───── RECORDED INFORMATION
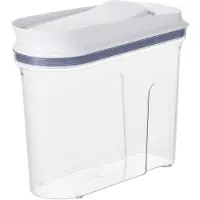 Oxo POP säilytyspurkki muroille 2,3 l Valko-kirkas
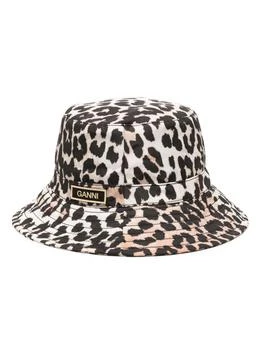Ganni | GANNI - Leopard Print Bucket Hat 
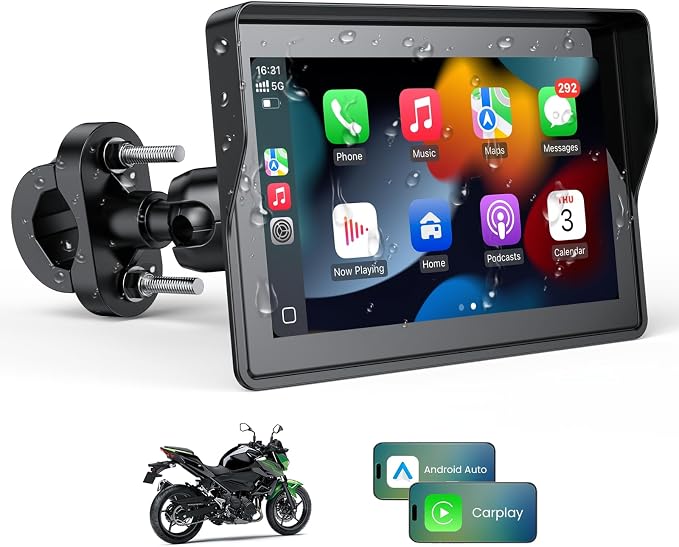 WonVon 5 Inch Motorcycle Carplay GPS Navigation System by WonVon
──────────
REQUIRED WORK -> Would it be possible to give the material above again exactly, with the pictures left out?

WORKED SOLUTION ->
 Oxo POP säilytyspurkki muroille 2,3 l Valko-kirkas
Ganni | GANNI - Leopard Print Bucket Hat 
 WonVon 5 Inch Motorcycle Carplay GPS Navigation System by WonVon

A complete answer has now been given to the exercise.